Data to use:
────────────────────

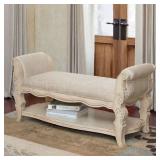 Ashley 707 Ortanique Bench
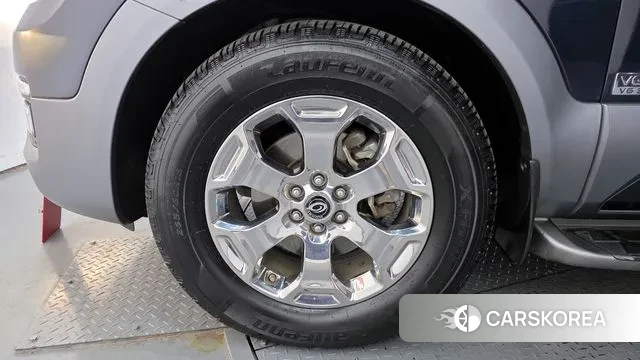 Kia The New Mohave id 3593582 из Кореи 15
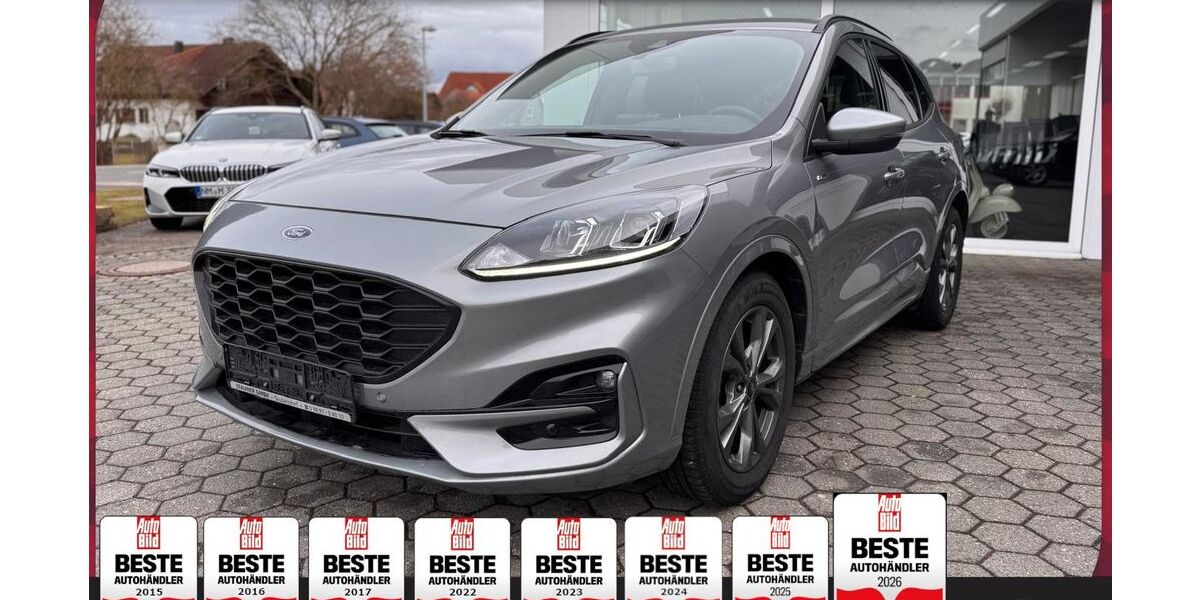 Ford Kuga 35.610 km 22.980 &euro; Seubersdorf 92358
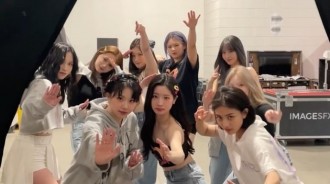 TWICE 2023年世界巡演發表！美日共舉辦6場體育場演出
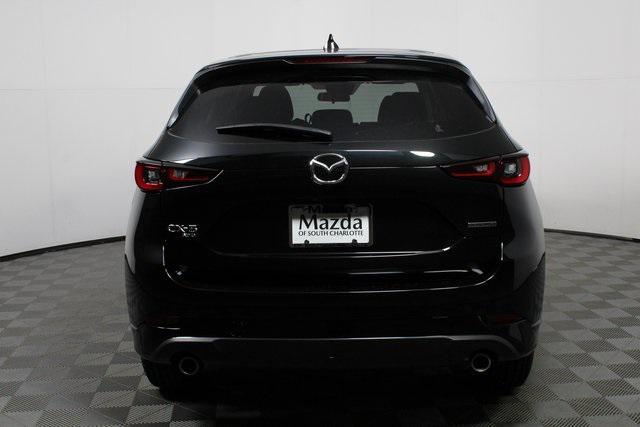 used 2024 Mazda CX-5 car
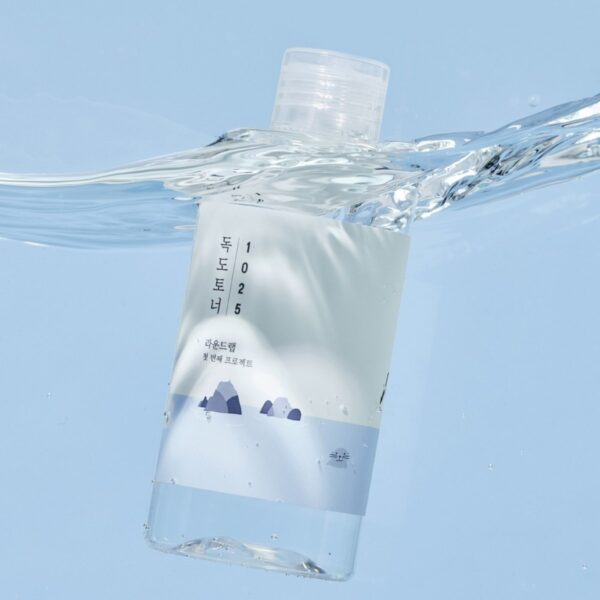 라운드랩 1025 독도 토너, 200ml, 4개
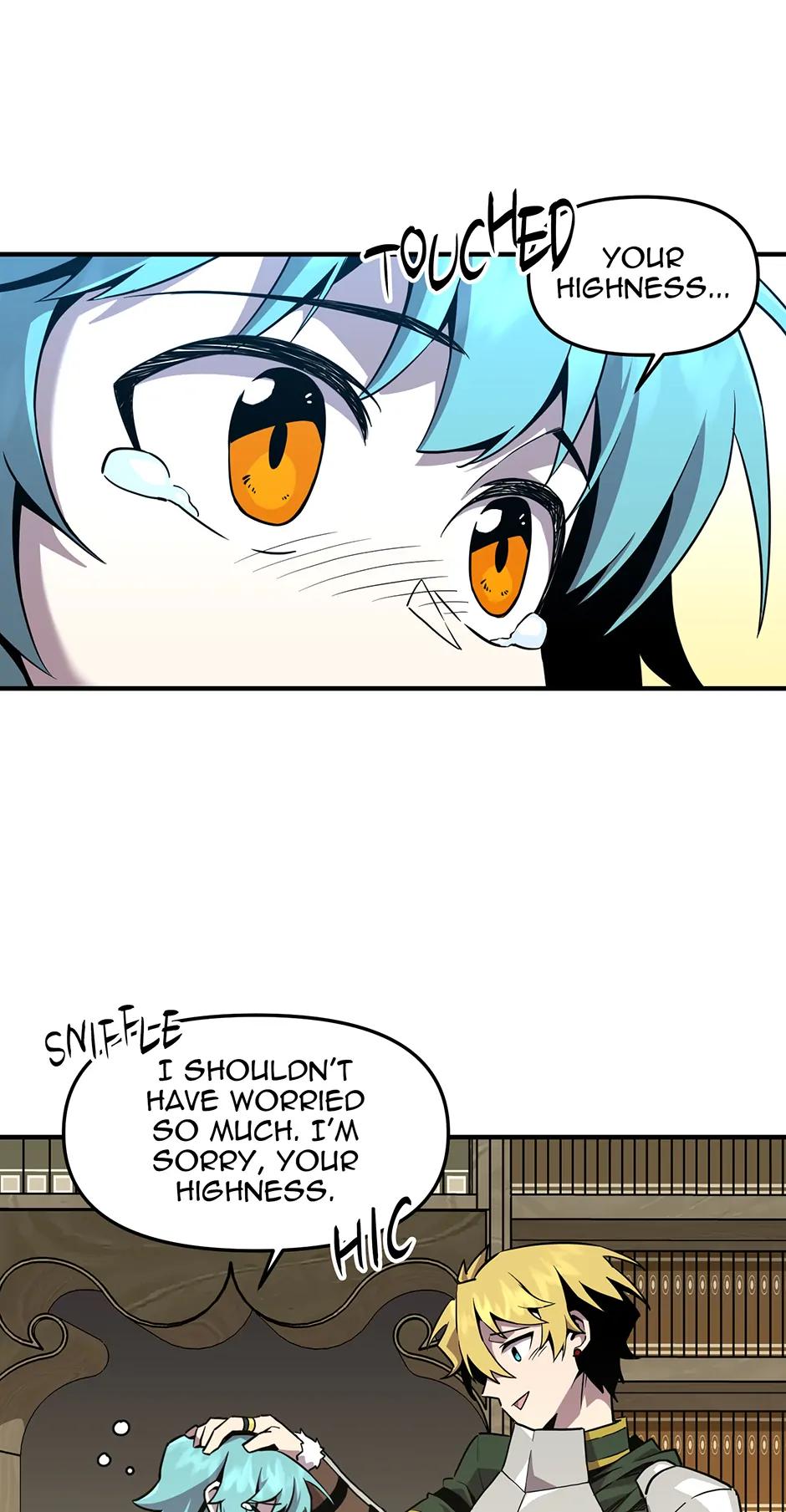 Read Solo Glitch Player Manga Online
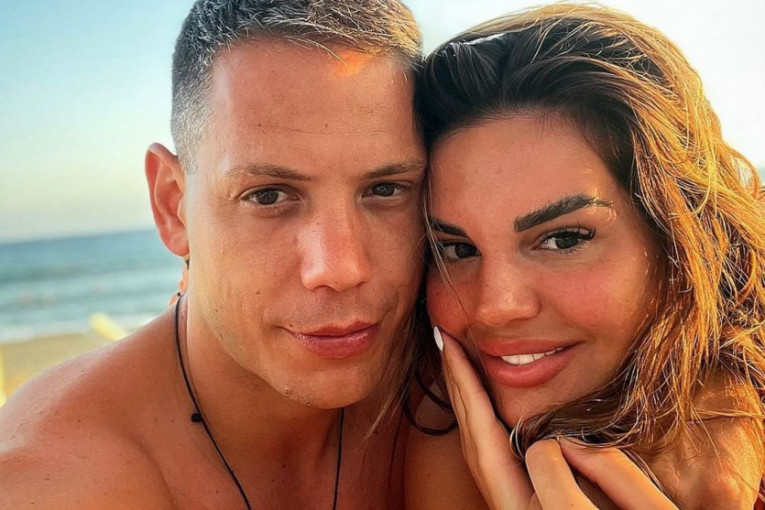 Jovana Ljubisavljević i Bogdan Srejović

────────────────────

Work to complete: Every entry above needs to be duplicated exactly, without its images.

Output below:
 Ashley 707 Ortanique Bench
 Kia The New Mohave id 3593582 из Кореи 15
 Ford Kuga 35.610 km 22.980 &euro; Seubersdorf 92358
 TWICE 2023年世界巡演發表！美日共舉辦6場體育場演出
 used 2024 Mazda CX-5 car
 라운드랩 1025 독도 토너, 200ml, 4개
 Read Solo Glitch Player Manga Online
 Jovana Ljubisavljević i Bogdan Srejović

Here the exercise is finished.